O entendimento entre os países do Mercosul nas questões comerciais poderá ampliar o comércio entre seus países membros, além de fortalecer o bloco econômico na conquistas de mais mercados para os produtos agropecuários. A afirmação é do vice-presidente da Confederação da Agricultura e Pecuária do Brasil (CNA), Carlos Rivaci Sperotto, que participou na sexta-feira (15-4) do ciclo de discussões “Agricultura em debate”, promovido pela Comissão de Agricultura e Reforma Agrária (CRA) do Senado para discutir o impacto das assimetrias do bloco na atividade rural. “Há dificuldades políticas e diferentes graus de desenvolvimento. Mas temos condições de construir uma posição conjunta”, afirmou.

Ao defender o entendimento no bloco, Sperotto justificou também que o Mercosul será “o grande fornecedor de alimentos ao mundo”, diante da dificuldade de outros países em aumentar suas áreas de produção. “Temos mais 150 milhões de hectares de terra para usar”, destacou o dirigente, que também preside a Comissão Nacional de Relações Internacionais da CNA. Em busca de alternativas que atendam aos interesses do setor agropecuário nos países do Mercosul, Sperotto citou o avanço das discussões sobre temas como a erradicação da febre aftosa e a mosca da bicheira, doenças que afetam o rebanho bovino, que já resultaram em ações práticas de controle sanitário nos quatro países que integram o bloco: Brasil, Argentina, Uruguai e Paraguai.

Ele lembrou que houve várias reuniões para propor soluções para reduzir a assimetrias no Mercosul, tanto no âmbito governamental quanto nos encontros da Federação das Associações Rurais do Mercosul (FARM), entidade que reúne as principais entidades representativas dos produtores rurais dos quatro países membros do bloco. Ressaltou, ainda, que apesar das divergências, o Mercosul já tem 20 anos de existência, fator que “pode ser considerado uma vitória”. O vice-presidente disse, ainda, que a criação de um Parlamento para o Mercosul também reforçaria as discussões em busca de um entendimento comercial.

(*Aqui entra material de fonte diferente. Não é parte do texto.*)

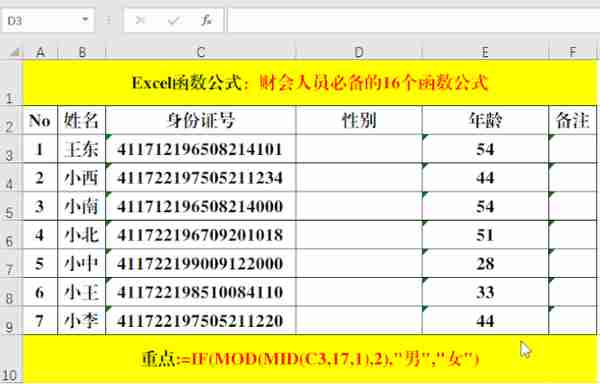 财会（办公室）人员必须掌握的16个函数公式，绝对的实用哦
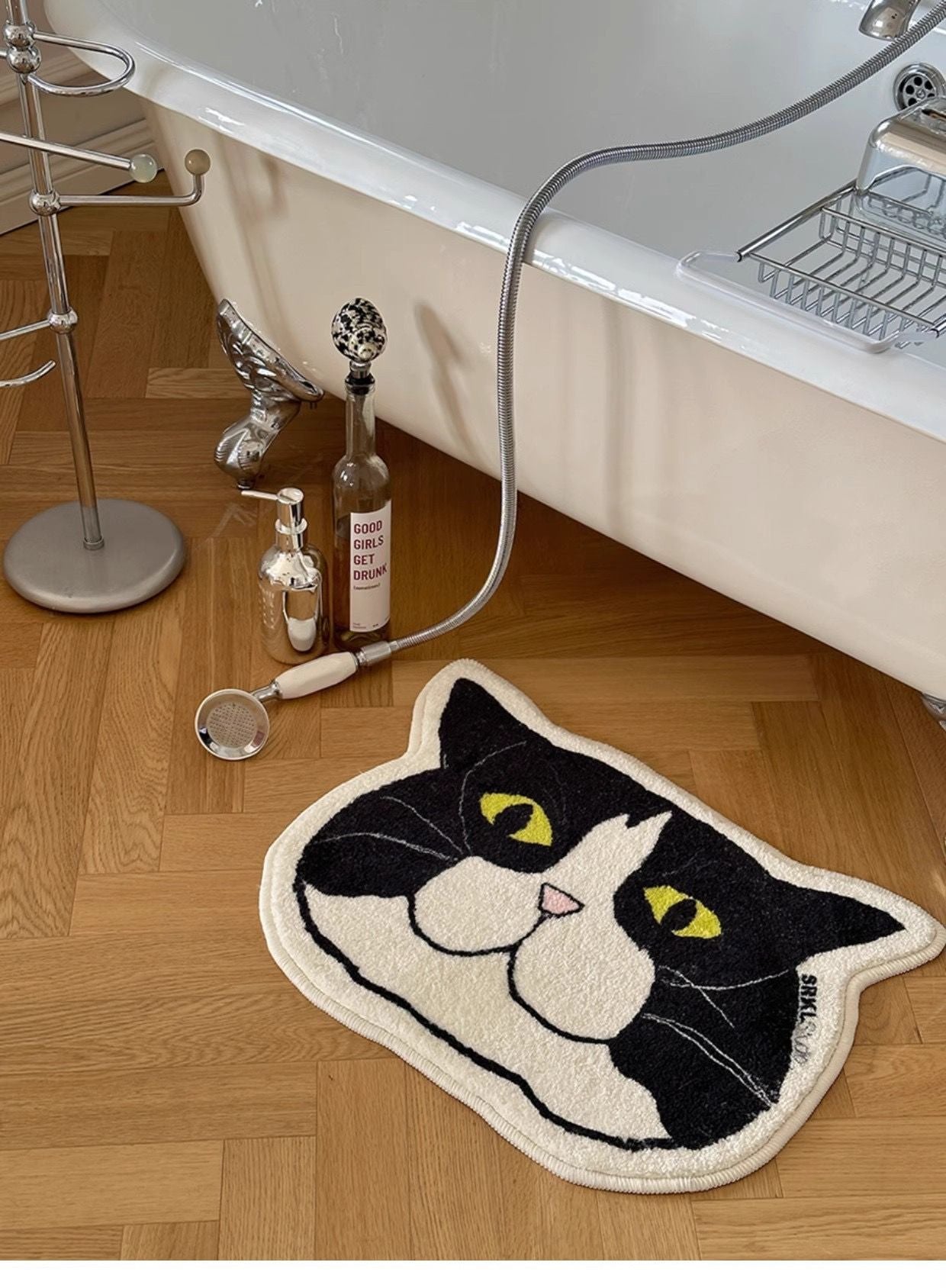 VIKAMA Cartoon Big Head Cat Floor Mats Waterproof Anti-Fouling Entrance Sofa Living Room Bedroom Home Decoration Carpet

O deputado federal Luiz Carlos Heinze (PP-RS), que também participou do debate, disse que, com as assimetrias no Mercosul, o produtor rural brasileiro perde competitividade para os países vizinhos por ter um custo de produção mais alto. Citando a região Sul como exemplo, ele afirmou culturas o trigo, o arroz, a uva e o alho estão entre as culturas mais prejudicadas com as distorções entre os países. “Enquanto um produtor do Paraguai para R$ 390 mil por uma colheitadeira, aqui ele paga R$ 590 mil. O frete para transportar a produção do Uruguai até o Nordeste é US$ 60 por tonelada. Do Rio Grande do Sul até o Nordeste, o mesmo frete é US$ 110”, disse.

Já a secretária de Comércio Exterior do Ministério do Desenvolvimento, Indústria e Comércio Exterior, Tatiana Lacerda Prazeres, apresentou dados sobre a balança comercial do agronegócio do Brasil com os países do Mercosul. De janeiro a março deste ano, as exportações brasileiras para o bloco cresceram 28,1% em relação aos primeiros três meses do ano passado. No mesmo período, as importações aumentaram 17,2%. Outro participante do debate foi o diretor do Departamento do Mercosul do Ministério das Relações Exteriores, Bruno Bath, que também defendeu um entendimento no bloco para ampliar o comércio.